EXTRACTED DATA =
● ● ● ● ●
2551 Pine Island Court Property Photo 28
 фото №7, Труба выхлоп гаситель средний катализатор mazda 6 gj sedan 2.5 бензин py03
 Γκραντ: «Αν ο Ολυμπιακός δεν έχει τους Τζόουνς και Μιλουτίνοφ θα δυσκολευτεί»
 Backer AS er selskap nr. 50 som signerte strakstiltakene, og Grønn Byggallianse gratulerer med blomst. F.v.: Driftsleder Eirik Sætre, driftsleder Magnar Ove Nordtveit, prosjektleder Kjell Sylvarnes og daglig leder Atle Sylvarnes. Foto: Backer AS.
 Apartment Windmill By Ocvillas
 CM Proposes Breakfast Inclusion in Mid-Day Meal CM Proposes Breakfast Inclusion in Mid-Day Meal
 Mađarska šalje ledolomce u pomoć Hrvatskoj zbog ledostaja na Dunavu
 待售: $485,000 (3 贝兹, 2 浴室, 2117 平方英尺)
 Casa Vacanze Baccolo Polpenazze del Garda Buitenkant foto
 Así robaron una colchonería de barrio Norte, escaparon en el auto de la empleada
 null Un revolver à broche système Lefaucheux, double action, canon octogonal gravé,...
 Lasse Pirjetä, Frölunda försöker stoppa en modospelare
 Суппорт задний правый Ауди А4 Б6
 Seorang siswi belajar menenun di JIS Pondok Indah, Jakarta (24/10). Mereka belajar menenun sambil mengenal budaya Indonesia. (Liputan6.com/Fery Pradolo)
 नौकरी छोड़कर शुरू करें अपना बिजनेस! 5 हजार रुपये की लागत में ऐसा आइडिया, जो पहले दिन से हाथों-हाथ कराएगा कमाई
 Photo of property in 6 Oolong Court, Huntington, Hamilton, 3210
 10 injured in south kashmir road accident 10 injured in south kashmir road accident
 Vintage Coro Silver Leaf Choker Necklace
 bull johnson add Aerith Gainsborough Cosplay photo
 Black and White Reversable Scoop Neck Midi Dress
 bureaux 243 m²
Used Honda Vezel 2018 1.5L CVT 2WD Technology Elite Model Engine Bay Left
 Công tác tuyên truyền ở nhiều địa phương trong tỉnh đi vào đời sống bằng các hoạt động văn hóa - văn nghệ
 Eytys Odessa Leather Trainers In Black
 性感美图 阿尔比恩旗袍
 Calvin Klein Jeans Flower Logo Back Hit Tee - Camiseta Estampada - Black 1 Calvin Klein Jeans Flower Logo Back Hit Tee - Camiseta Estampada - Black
● ● ● ● ●
Each entry above needs to be output exactly as written.

2551 Pine Island Court Property Photo 28
 фото №7, Труба выхлоп гаситель средний катализатор mazda 6 gj sedan 2.5 бензин py03
 Γκραντ: «Αν ο Ολυμπιακός δεν έχει τους Τζόουνς και Μιλουτίνοφ θα δυσκολευτεί»
 Backer AS er selskap nr. 50 som signerte strakstiltakene, og Grønn Byggallianse gratulerer med blomst. F.v.: Driftsleder Eirik Sætre, driftsleder Magnar Ove Nordtveit, prosjektleder Kjell Sylvarnes og daglig leder Atle Sylvarnes. Foto: Backer AS.
 Apartment Windmill By Ocvillas
 CM Proposes Breakfast Inclusion in Mid-Day Meal CM Proposes Breakfast Inclusion in Mid-Day Meal
 Mađarska šalje ledolomce u pomoć Hrvatskoj zbog ledostaja na Dunavu
 待售: $485,000 (3 贝兹, 2 浴室, 2117 平方英尺)
 Casa Vacanze Baccolo Polpenazze del Garda Buitenkant foto
 Así robaron una colchonería de barrio Norte, escaparon en el auto de la empleada
 null Un revolver à broche système Lefaucheux, double action, canon octogonal gravé,...
 Lasse Pirjetä, Frölunda försöker stoppa en modospelare
 Суппорт задний правый Ауди А4 Б6
 Seorang siswi belajar menenun di JIS Pondok Indah, Jakarta (24/10). Mereka belajar menenun sambil mengenal budaya Indonesia. (Liputan6.com/Fery Pradolo)
 नौकरी छोड़कर शुरू करें अपना बिजनेस! 5 हजार रुपये की लागत में ऐसा आइडिया, जो पहले दिन से हाथों-हाथ कराएगा कमाई
 Photo of property in 6 Oolong Court, Huntington, Hamilton, 3210
 10 injured in south kashmir road accident 10 injured in south kashmir road accident
 Vintage Coro Silver Leaf Choker Necklace
 bull johnson add Aerith Gainsborough Cosplay photo
 Black and White Reversable Scoop Neck Midi Dress
 bureaux 243 m²
Used Honda Vezel 2018 1.5L CVT 2WD Technology Elite Model Engine Bay Left
 Công tác tuyên truyền ở nhiều địa phương trong tỉnh đi vào đời sống bằng các hoạt động văn hóa - văn nghệ
 Eytys Odessa Leather Trainers In Black
 性感美图 阿尔比恩旗袍
 Calvin Klein Jeans Flower Logo Back Hit Tee - Camiseta Estampada - Black 1 Calvin Klein Jeans Flower Logo Back Hit Tee - Camiseta Estampada - Black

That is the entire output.